TORONTO, ON – If the Liberal government passes its budget omnibus bill, Hydro One will no longer be public and we won’t even be able to learn details of its sale, according to two prominent legal experts. In fact, the sale won’t even produce promised revenue for infrastructure.
“In short, Bill 91 doesn’t do what we’ve been told. It ends public accountability and regulation of Hydro One and even exempts the company from Freedom of Information requests retroactively, so we’ll never know the details of the sale,” said Fred Hahn, president of the Canadian Union of Public Employees (CUPE) Ontario, at a Queen’s Park press conference today.

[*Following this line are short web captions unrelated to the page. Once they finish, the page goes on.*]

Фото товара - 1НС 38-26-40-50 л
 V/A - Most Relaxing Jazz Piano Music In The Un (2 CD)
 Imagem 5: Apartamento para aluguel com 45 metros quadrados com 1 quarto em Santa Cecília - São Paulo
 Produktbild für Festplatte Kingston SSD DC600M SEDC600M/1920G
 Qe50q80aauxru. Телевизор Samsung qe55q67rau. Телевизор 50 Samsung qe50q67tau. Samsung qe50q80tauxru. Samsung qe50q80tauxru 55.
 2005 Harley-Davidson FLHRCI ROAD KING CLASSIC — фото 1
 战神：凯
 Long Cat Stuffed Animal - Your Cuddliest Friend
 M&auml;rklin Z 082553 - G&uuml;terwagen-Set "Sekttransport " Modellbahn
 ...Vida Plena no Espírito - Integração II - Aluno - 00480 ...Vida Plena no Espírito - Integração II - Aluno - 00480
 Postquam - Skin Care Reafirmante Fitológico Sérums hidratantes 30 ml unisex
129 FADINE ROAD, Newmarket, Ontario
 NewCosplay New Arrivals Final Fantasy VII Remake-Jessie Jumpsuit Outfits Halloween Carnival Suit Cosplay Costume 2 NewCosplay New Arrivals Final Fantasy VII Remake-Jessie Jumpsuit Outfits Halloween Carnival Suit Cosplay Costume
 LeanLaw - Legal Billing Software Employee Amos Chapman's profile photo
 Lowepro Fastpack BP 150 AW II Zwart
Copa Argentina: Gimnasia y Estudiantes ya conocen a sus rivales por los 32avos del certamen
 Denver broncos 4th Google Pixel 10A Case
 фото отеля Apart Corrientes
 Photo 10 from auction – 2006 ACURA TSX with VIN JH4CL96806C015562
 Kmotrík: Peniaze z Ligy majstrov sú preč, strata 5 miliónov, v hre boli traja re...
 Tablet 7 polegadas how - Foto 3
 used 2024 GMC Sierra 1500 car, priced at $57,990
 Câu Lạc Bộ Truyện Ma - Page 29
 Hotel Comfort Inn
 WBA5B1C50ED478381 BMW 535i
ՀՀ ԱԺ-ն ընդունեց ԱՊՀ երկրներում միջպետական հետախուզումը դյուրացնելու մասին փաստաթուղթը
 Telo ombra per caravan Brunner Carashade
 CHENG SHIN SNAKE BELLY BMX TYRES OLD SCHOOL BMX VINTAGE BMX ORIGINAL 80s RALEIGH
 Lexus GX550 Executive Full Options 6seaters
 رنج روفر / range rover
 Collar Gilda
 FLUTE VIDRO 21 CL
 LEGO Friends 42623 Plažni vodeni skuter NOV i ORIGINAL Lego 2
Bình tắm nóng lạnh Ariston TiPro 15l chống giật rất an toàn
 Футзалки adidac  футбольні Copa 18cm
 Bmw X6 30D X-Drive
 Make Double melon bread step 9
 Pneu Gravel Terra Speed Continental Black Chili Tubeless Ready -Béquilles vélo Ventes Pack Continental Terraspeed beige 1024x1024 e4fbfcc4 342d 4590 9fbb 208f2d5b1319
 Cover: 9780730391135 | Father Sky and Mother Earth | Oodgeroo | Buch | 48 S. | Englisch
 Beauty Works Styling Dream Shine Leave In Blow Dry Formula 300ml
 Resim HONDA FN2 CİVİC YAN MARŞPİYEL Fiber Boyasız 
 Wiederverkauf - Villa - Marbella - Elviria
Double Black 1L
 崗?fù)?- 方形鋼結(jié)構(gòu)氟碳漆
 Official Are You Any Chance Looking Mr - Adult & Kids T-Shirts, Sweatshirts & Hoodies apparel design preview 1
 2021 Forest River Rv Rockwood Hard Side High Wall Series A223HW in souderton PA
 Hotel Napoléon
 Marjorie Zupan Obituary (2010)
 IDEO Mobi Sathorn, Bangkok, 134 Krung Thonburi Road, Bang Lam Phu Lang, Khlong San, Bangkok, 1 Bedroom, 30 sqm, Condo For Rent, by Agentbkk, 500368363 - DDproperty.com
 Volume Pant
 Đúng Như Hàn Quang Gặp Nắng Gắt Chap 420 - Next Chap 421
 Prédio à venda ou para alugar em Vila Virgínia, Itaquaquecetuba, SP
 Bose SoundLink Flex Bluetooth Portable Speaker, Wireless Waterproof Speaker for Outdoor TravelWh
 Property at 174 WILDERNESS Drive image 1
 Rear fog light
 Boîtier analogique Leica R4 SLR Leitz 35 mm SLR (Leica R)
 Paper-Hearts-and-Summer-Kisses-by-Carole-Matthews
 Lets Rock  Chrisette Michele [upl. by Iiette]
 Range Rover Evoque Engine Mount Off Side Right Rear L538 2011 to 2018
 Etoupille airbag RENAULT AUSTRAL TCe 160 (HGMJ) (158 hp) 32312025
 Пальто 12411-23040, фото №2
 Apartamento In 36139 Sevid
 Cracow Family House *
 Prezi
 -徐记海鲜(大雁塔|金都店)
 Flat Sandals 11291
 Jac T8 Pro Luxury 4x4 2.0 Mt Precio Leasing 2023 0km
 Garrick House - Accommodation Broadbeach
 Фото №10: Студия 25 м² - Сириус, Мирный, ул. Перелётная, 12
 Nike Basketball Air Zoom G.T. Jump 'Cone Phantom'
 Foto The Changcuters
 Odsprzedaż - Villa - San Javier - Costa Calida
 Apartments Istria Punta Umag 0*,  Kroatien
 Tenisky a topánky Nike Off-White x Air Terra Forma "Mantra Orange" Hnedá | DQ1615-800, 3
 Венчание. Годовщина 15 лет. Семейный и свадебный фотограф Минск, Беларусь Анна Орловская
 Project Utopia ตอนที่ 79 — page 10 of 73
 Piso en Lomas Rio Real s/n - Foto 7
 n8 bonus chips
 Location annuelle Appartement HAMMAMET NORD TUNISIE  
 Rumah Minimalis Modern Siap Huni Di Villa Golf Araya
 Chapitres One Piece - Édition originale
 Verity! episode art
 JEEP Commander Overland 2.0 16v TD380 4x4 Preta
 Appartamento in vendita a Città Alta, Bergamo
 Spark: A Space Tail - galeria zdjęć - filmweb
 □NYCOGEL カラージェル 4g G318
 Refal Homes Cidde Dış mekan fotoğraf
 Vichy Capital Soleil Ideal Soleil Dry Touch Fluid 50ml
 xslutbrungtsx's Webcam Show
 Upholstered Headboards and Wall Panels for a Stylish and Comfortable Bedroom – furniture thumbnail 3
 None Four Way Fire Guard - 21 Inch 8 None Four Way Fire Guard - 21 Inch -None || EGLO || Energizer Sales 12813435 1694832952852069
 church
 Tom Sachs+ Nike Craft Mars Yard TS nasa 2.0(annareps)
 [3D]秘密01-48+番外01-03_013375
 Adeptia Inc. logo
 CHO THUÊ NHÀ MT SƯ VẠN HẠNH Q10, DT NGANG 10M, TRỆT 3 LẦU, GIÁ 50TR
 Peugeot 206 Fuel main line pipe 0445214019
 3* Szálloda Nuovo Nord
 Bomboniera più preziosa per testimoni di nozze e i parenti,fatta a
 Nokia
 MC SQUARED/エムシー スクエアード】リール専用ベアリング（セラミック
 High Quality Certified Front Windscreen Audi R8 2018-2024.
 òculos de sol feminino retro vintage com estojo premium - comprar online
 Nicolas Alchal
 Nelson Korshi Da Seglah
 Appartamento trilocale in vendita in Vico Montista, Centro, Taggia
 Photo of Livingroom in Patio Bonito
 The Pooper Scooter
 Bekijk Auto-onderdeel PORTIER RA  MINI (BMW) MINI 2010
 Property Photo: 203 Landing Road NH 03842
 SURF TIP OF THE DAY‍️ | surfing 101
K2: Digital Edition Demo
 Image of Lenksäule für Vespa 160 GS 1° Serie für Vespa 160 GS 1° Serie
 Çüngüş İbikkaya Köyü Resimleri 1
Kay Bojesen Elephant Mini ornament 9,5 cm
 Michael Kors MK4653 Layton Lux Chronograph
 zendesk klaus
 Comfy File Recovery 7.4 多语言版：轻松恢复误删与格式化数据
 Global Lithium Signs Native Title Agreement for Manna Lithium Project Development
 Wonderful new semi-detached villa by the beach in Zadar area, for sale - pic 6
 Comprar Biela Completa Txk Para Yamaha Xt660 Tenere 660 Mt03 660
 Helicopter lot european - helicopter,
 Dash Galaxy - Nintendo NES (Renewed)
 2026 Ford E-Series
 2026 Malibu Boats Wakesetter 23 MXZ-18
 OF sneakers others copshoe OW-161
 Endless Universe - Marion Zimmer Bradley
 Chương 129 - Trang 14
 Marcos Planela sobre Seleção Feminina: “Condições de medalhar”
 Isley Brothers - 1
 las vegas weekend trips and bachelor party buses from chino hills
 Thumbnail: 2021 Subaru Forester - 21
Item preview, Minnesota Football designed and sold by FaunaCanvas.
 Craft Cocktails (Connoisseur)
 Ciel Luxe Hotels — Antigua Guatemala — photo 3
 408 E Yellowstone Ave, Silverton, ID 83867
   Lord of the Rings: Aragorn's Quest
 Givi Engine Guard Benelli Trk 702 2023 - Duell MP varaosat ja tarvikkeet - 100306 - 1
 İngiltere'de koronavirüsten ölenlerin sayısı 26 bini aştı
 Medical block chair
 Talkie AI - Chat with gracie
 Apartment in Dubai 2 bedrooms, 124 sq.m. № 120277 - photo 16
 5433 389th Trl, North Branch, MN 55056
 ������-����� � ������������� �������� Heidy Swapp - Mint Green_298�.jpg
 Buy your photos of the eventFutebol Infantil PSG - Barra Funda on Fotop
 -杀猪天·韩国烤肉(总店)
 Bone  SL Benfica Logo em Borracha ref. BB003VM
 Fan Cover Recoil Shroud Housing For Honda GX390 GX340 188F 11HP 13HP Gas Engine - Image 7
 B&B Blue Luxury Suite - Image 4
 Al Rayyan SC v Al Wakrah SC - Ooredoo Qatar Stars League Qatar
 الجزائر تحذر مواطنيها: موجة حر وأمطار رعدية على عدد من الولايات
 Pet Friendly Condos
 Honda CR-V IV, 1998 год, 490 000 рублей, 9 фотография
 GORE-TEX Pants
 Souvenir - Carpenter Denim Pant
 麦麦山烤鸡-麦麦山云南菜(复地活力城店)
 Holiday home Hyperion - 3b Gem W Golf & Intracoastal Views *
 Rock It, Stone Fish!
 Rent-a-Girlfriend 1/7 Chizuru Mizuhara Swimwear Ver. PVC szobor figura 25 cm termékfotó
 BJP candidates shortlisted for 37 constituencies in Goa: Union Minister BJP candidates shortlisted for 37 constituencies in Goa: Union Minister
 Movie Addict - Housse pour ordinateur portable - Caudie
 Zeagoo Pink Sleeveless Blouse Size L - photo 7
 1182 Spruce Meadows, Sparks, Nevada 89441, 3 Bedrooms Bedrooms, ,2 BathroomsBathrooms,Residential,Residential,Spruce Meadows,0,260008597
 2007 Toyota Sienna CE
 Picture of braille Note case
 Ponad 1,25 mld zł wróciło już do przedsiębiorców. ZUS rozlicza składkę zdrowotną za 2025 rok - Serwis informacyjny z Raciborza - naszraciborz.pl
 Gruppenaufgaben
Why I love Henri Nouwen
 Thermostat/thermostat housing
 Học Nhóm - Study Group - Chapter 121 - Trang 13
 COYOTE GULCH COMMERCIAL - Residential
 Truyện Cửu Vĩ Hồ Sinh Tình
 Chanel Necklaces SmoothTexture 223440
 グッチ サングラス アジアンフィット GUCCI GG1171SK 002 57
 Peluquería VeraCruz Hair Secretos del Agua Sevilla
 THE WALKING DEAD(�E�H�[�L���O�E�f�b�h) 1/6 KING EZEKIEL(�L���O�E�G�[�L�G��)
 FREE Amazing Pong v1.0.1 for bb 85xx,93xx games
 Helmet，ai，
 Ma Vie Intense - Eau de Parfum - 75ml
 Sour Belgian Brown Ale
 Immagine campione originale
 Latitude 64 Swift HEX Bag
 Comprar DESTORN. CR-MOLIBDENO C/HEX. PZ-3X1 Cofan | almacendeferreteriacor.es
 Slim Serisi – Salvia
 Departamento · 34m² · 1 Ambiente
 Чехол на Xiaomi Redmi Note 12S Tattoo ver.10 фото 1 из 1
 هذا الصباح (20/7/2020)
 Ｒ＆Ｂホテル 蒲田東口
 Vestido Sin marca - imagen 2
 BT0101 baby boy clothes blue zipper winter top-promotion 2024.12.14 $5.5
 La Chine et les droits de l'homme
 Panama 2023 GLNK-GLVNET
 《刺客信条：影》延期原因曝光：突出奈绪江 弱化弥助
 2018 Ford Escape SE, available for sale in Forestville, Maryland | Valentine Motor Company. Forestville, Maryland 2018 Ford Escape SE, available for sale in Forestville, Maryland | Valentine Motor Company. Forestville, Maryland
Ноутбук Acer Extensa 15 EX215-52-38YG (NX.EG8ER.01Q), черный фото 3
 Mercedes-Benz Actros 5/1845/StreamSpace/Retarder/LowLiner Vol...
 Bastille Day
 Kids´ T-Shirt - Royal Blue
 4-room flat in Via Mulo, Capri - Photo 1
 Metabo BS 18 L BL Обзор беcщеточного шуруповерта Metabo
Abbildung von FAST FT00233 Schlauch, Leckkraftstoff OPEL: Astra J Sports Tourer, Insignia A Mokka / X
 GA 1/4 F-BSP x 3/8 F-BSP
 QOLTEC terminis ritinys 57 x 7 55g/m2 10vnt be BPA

“Public control of Hydro One is effectively abandoned,” says the legal opinion by Darrell Brown of Sack Goldblatt Mitchell, LLP, released by CUPE Ontario. “Regulatory oversight of Hydro One will be significantly curtailed.”
More than that, the bill makes clear there is no guarantee the government’s ownership share will remain at the 40 percent lever promised by the Wynne government. In fact, it anticipates government ownership falling below 10 percent.
“It does not state explicitly that the share percentage should be maintained at 40 percent…In fact, the amendment explicitly recognizes the possibility that the government interest can be diluted,” the report says. If government ownership falls below 10 percent, amendments in Bill 91 mean the government “is precluded from trying to recover the ‘public control’ it has lost.”
Even the Liberal government’s key claim that the sale will generate a few billion dollars in revenue to spend on infrastructure is dubious.
The Electricity Act had required proceeds from any sale of Hydro One to be paid to the Ontario Hydro Financial Corporation to pay down the company’s debt. Bill 91 instead diverts proceeds to the Consolidated Revenue Fund, but if the government were to spend the money on infrastructure, they would have to pay or forgive an equivalent amount of debt. In other words, borrowing or transferring debt to the province.
The budget omnibus bill also ends Hydro One’s requirement to disclose salary information, removes the company from the government’s executive compensation cap and allows the company to begin paying professional lobbyists.
“If this plan succeeds, we’ll lose a vital public asset that’s the backbone of our economy – something our parents and grandparents build and that we own together. Selling Hydro One makes no economic sense, clearly no moral sense, and we will use every option available to stop the sale,” said Hahn.